Given material START

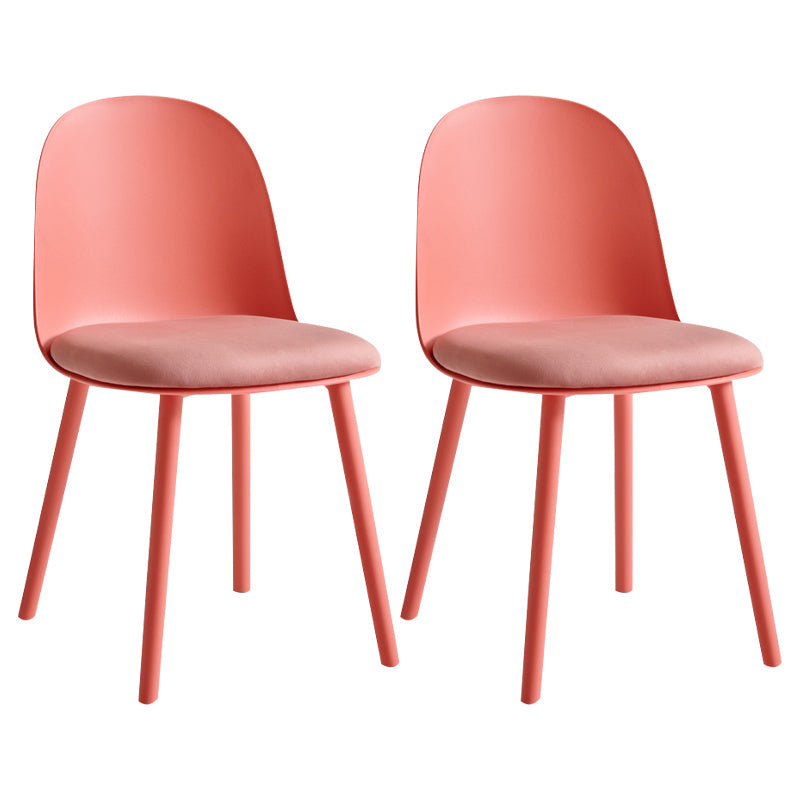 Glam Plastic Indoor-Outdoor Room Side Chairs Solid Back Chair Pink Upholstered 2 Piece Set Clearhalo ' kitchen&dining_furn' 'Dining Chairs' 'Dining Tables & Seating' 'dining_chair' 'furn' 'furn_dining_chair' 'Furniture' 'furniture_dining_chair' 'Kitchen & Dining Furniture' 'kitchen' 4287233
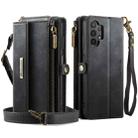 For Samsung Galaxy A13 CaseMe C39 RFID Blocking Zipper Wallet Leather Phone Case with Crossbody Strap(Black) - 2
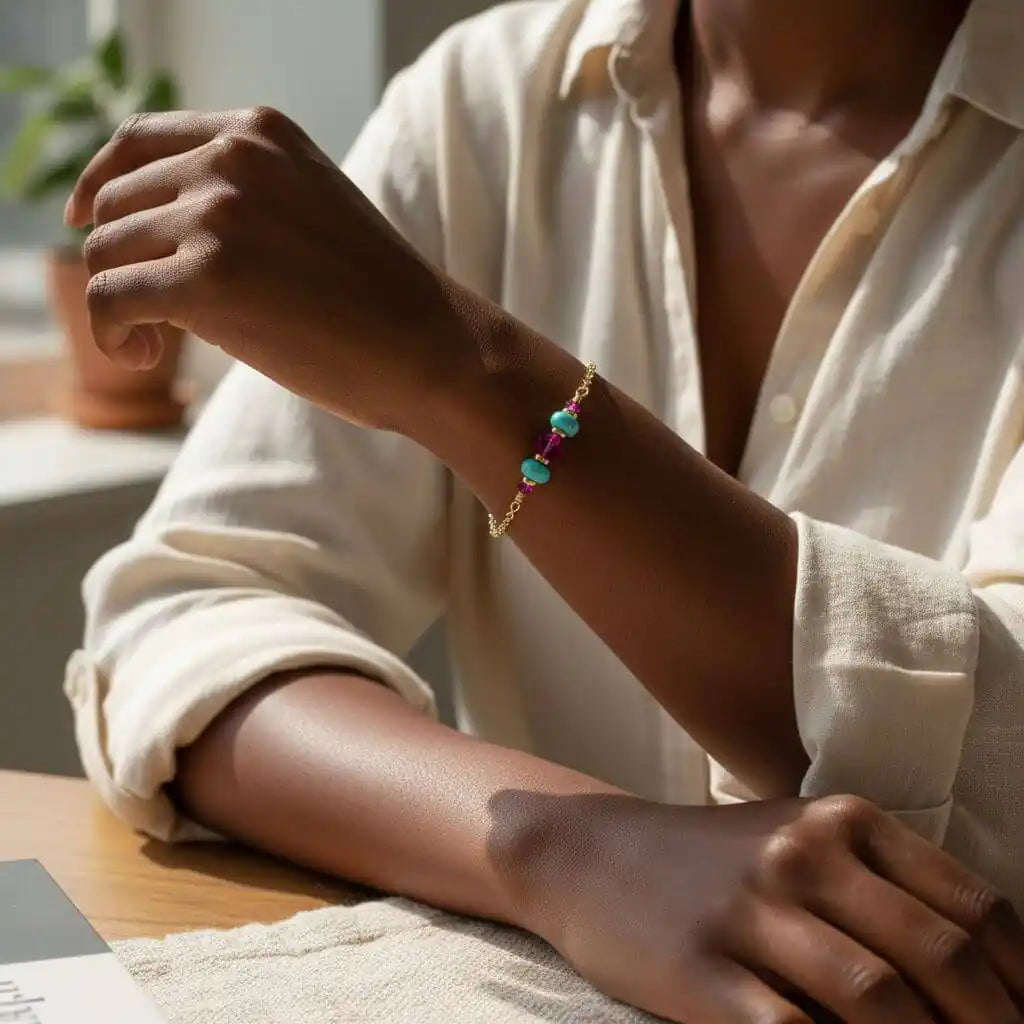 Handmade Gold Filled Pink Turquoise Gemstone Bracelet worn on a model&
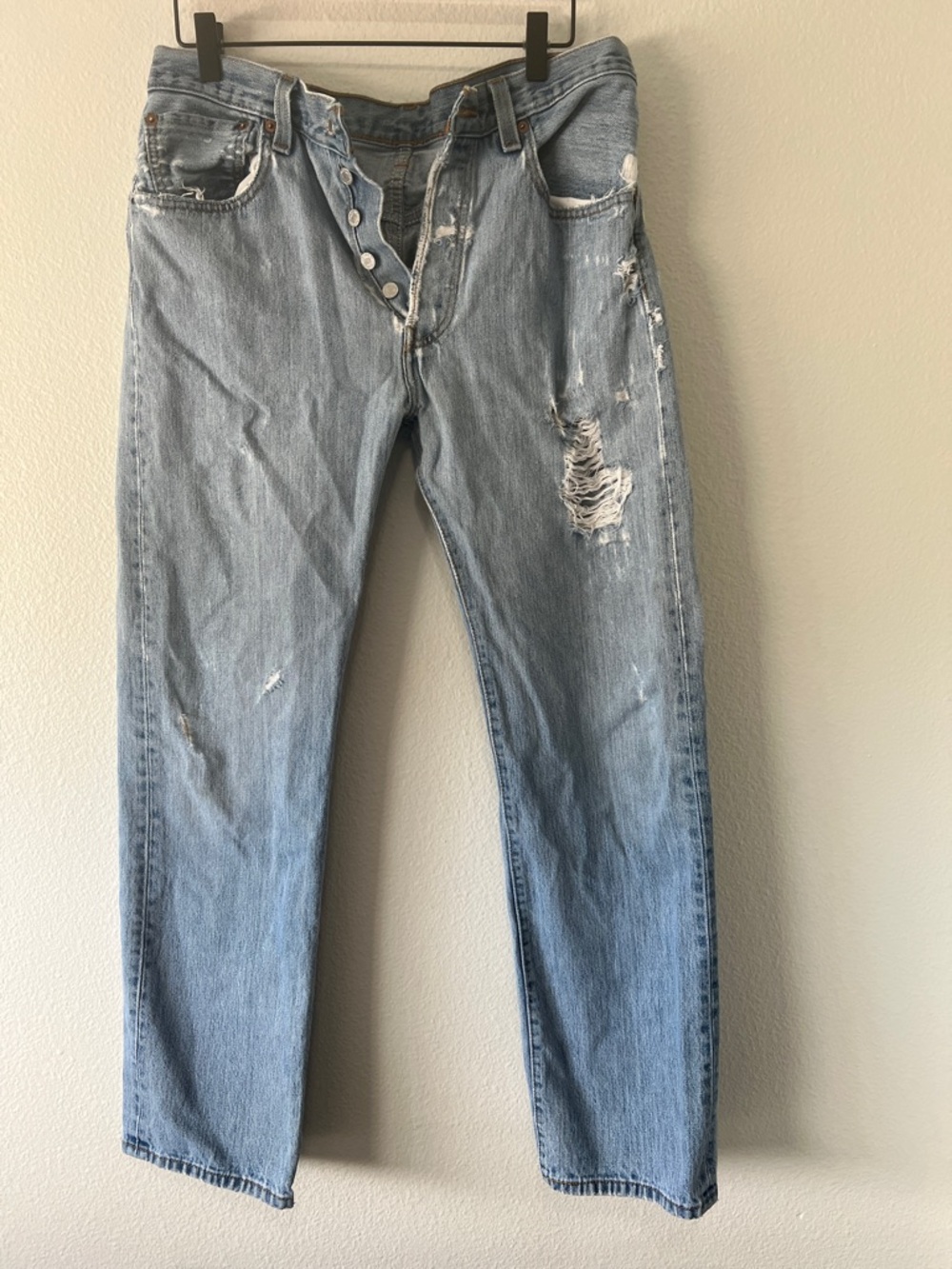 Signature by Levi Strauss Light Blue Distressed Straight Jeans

Given material END

▶ **Task description**:
Drop the pictures, then transcribe the lines from the one containing "Handmade Gold Filled" to the end of the data above, exactly and nothing more.

▶ **Solution below**:
 Handmade Gold Filled Pink Turquoise Gemstone Bracelet worn on a model&
 Signature by Levi Strauss Light Blue Distressed Straight Jeans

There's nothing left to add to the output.